The band did not dare to release the song as a single, though, probably afraid of losing the truck driver segment of their audience without picking up the «Tony Manero» group. They went with ʽRock'n'Roll Fantasyʼ instead, which became their last certified big hit — and also represented a weak effort to catch up with the times: Ralphs is playing electronically treated, «cold-hearted» guitars, giving the whole thing a little bit of a «Cars» attitude. Why they decided to further «em­bellish» the song with silly-sounding electronic percussion bursts that punctuate the breaks is not clear. Or, rather, it is quite clear, but I am not sure it works in any way other than utterly comic. But remember, one reason why Burnin' Sky sucked so much was its total lack of humor, inten­tional or not. Even a good laugh at the band's antics automatically makes Desolation Angels an improvement, if not exactly a proper «comeback».

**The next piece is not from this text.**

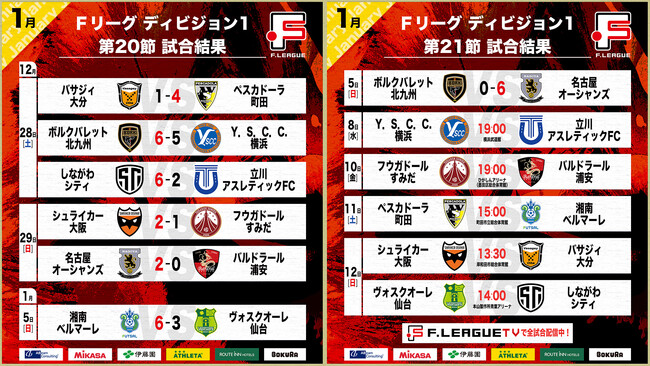 名古屋オーシャンズが完勝で2位に浮上！湘南ベルマーレがファイナルシーズン上位リーグ進出に王手！第20節・第21節｜2025年1月5日 試合結果【Ｆリーグ2024-2025 ディビジョン1】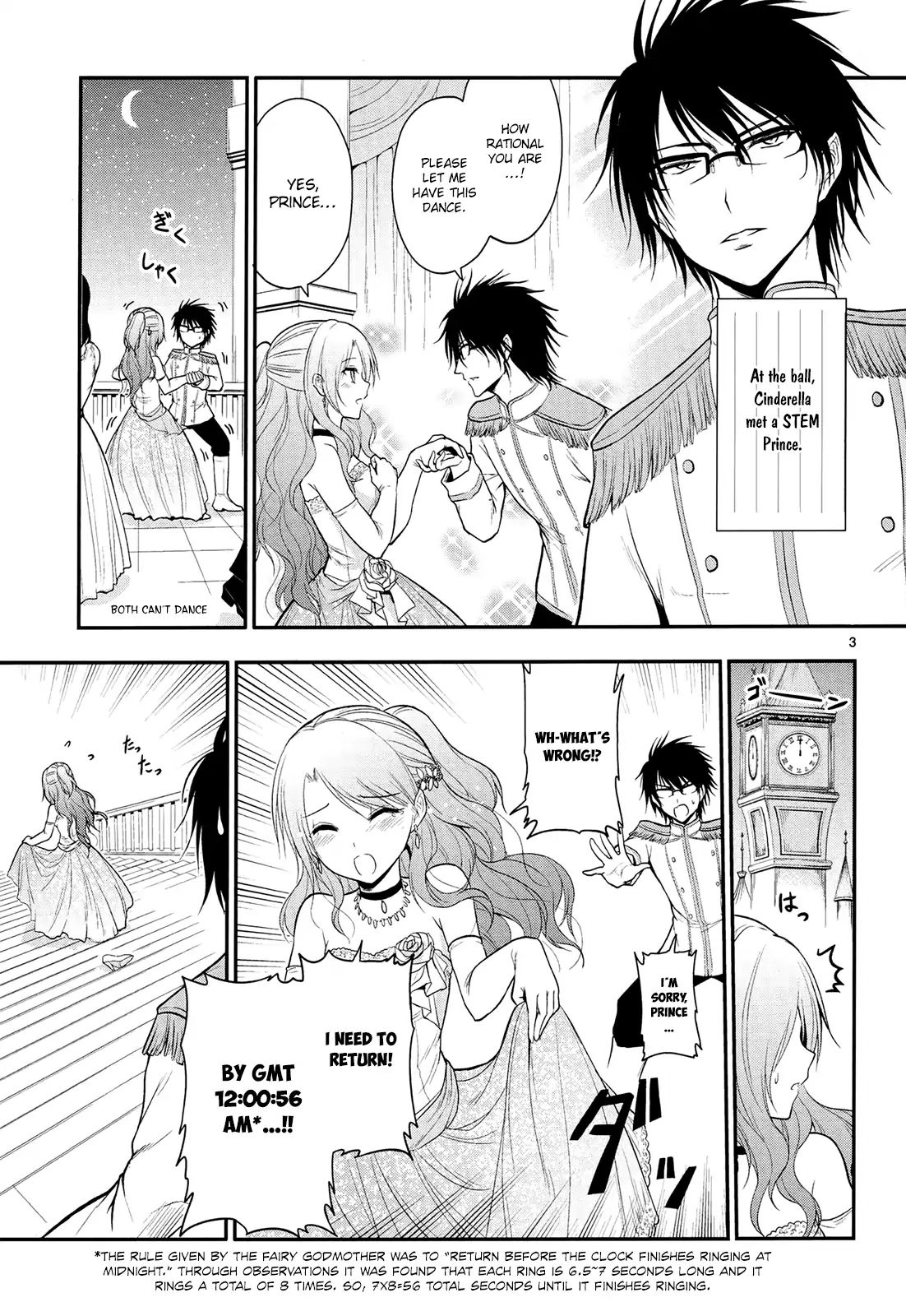 Rike Ga Koi Ni Ochita No De Shoumeishitemita - Chapter 17.5: Proof 17.5: Rikei Cinderella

There is also a feel of increased diversity, something the band never displayed as a cherished va­lue before. Besides disco and «electronized» pseudo-New Wave rock'n'roll (the second single, ʽGone Gone Goneʼ, also belongs to the same category), there is also a touch of basic country-rock — the unexpectedly catchy ʽOh, Atlantaʼ, which I really like in all possible ways: upbeat, boun­cy, lyrically simple, but non-moronic, cool singalong vocals: «poor man's Allman Brothers», which really sounds like a great compliment for the band.

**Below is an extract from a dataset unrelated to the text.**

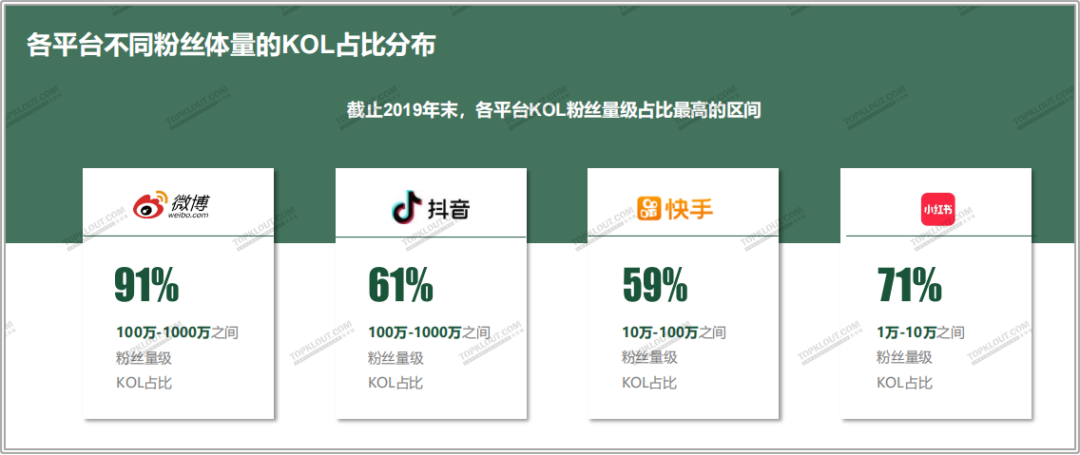 四大平台粉丝价值报告：教你如何做好双微一抖、小红书！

And, of course, a couple traditional varieties of the band's hard rock spirit: another spin-off from the pub boogie of ʽCan't Get Enoughʼ (ʽLonely For Your Loveʼ, perfect for stomping your beer mug on the table) and another metal-tinged blues-rock growler (ʽEvil Windʼ, also «spoiled» a bit with the band's strange new passion for electronic percussion). The soft, folksy numbers are no­thing to write home about, but ʽEarly In The Morningʼ could almost be worthy of a contemporary Eric Clapton solo record — not that this should be a reason for rejoicing.

In any case, the album puts the band at an interesting crossroads: the incorporation of synthe­sizers, disco rhythms, and a puff of New Wave spirit does not disrupt the continuity — this is still very much a bona fide Bad Company record — and points a possible way at a marginally respec­table future. Why they preferred not to pursue it any further is beyond my comprehension. Maybe Paul Rodgers got cornered by one of the truck drivers. Maybe they experienced a nervous break­down seeing the «disco sucks» campaign unfurl at the very moment that they came forward with their first experiment in the genre. May be a million other reasons — the fact is, this is the only point in the «listenable» part of their timeline that they had a good chance to modernize their sound and remain relevant for the next decade. Then again, does it really surprise anyone that they ended up blowing it?

Check "Desolation Angels" (CD) on Amazon
Check "Desolation Angels" (MP3) on Amazon


  1. Evil Wind only shows that there is not much difference between monotonous blues-rock and disco. The only relevant difference with Rhythm Machine I notice is that the first has a riff - and a pretty cool one. That riff is repeated endlessly though.
    The drum pattern at the other hand is exactly the same.
    A big plus of both songs is that BC finally plays a little faster than the strict and lame midtempo of the previous records.

  2. After getting off the bus at the "Burnin' Sky" terminal, and spending a few aimless hours out in the hot dusty wilderness, most fans tend to welcome the opportunity to get back on to a slightly modernized new vehicle with air conditioning and a few nice amenities. It's still a Greyhound rather than a fancy celebrity cruiser, but it's nice to know Bad Co. does make some attempts on this album to modernize its sound for a loyal audience that's simply had enough of the mid-tempo bar room blahs. So, I'll take "Desolation Angels" for what it is, and consider it the last Bad Co. product worth owning.